A typically reliable isolation distance requires approximately one-thousandth of an inch (1 mil - about 0.025mm) of solid insulation material per 400 volts that must be withstood. From Fig. 4B, the voltage limiting circuit 60 of the present invention limits the output voltage V_OUT from exceeding approximately 80 KV. Normally, at the "no load" point in Fig. 4A, the output voltage V_OUT might be approximately 100 KV. Assuming an isolation distance requirement of 400 volts per mil (about 400 volts per 0.025mm) of solid material, voltage limiting circuit 60 allows the power supply 5 to operate reliably and safely with approximately .050 inches (about 1.3mm) less isolation distance, and hence, less insulation material around the high voltage circuits. The reduced amount of insulation material, in turn, results in a lighter, smaller and more reliable power supply 5 than may normally be achieved if the power supply is allowed to deliver the characteristic high output voltages for low level current loads. Additionally, when the power supply 5 is voltage limited by limiting circuit 60 to a voltage V_OUT that is substantially lower than the "no load" voltage, the electrode 22, is less likely to arc because the voltage on electrode 22 can be reduced down to a safe level much more quickly, given that the maximum voltage does not exceed the level at point L during the operation of power supply 5.
As may be appreciated, the power supply of the present invention may be used in a typical electrostatic spray coating system as shown in Figure 5. An electrostatic spray devices such as electrostatic spray gun 70 is utilized to spray a part 72 with coating material 74. The electrode 76 of spray gun 70 may be powered by an internal power supply 78 (shown in phantom) like the power supply 5 of the present invention. Alternatively, gun 70 may be powered from an external power supply 80 which is connected to gun 70 by a high voltage cable 82. Preferably the external power supply 80 utilizes the improved power supply 5 of the present invention. Also included in the coating system of Figure 5 is a material supply 84 which is connected to the gun such as through hose 86 to supply spray material which is applied to object 72. Spray material may be either powder or liquid or any other appropriate material for spraying through gun 70. Additionally, the coating system may utilize an air supply 88 in appropriate hoses 90 if the system utilizes air to apply material 74 to object 72. In order to enhance adherence of the spray material 74 to the chosen object, the coating system often utilizes a means 92 to ground the object 72.

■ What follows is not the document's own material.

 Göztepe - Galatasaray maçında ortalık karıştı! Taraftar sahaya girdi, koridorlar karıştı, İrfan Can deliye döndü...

Additional advantages and modification will readily be apparent to those skilled in the art. For example, a manipulation circuit 16 might take various forms to provide different ways of manipulating the loadline. Furthermore, manipulation circuit 16 can be modified to accept a variety of different inputs through user interface 25, such as to select a shifting scheme for a particular spray application or for various different parts to be sprayed. Additionally, other ways of using feedback to control the operation of a control circuit may be devised without varying from the scope of this invention.

Claims

Apparatus for controlling the electrical output of an electrostatic spray device comprising means connected to a power supply and adapted to supply an input voltage to a voltage multiplication means of the spray device, the voltage multiplication means being adapted to produce an output voltage in response to the input voltage, the output voltage being supplied to the electrode of the spray device to produce an output load current through the electrode, and manipulation means, responsive to the instantaneous values of the output load current and/or the output voltage, to manipulate the voltage input means so as to vary the input voltage, whereby the output voltage and/or output load current are maintained within preselected operating ranges.
Apparatus according to Claim 1 wherein the manipulation means is responsive to varying output load current at the electrode of the electrostatic spray device to maintain the desired operation of the spray device.
Apparatus according to claim 1 or 2 comprising feedback means connected between the voltage multiplication means and the manipulation means to provide a feedback signal which is proportional to the varying output load current, the manipulation means being responsive to the feedback signal so as to manipulate the power supply output.
Apparatus according to any of claims 1, 2 or 3 comprising user interface means connected to the manipulation means for inputting at least one external command into the manipulation means, the manipulation means being responsive to the external command(s) to maintain the output voltage and output load current in the preselected operating ranges.
Apparatus according to Claim 4 wherein the manipulation means includes memory means to store at least one external command from a user, the manipulation means being responsive to the stored external command.
Apparatus according to any preceding claim characterised in that voltage limiting means are connected between the multiplication means and the manipulation means to monitor the level of the output voltage and to provide a limit signal, the manipulation means being responsive to the limit signal to maintain the output voltage and output load current in the preselected operating ranges and to limit the maximum value of the output voltage.
Apparatus for applying a coating material to an object comprising an electrostatic spray device with an electrode for spraying coating material onto an object, means for supplying coating material to the spray device so that it may be sprayed therefrom, and apparatus according to any one of Claims 1 to 6 which is connected to the electrode to charge the electrode so that it electrostatically charges the coating material as it is sprayed from the spray device.
Apparatus according to claim 7 wherein the output voltage has a magnitude which varies as a function of the magnitude of the output load current, the voltage multiplication means having a selectively variable operational loadline which determines the relationship between the magnitudes of the output voltage and the output load current, and the manipulation means being adapted to vary the input voltage in order to manipulate the output of the voltage multiplication means, and to select the operational loadline of the voltage multiplication means, responsive to either the output voltage or the output load current.
Apparatus according to Claim 8 comprising feedback means coupled to the voltage multiplication means to monitor either the output voltage or the output load current and to provide a feedback signal proportional to either the output voltage or the output load current, the manipulation means being responsive to the feedback means and electrically coupled to the voltage multiplication means to select the operational loadline of the voltage multiplication means in response to the feedback signal.
A method of responding to varying load conditions at the output of an electrostatic spray device to maintain the desired operation of the spray device comprising providing an input voltage, multiplying the input voltage with a multiplier circuit to produce an output voltage and an output load current and manipulating the input voltage in response to the instantaneous values of the output voltage and/or the output load current in order to vary the output of the voltage multiplication means so as to maintain the output voltage and/or output load current in preselected operating ranges during operation of the power supply.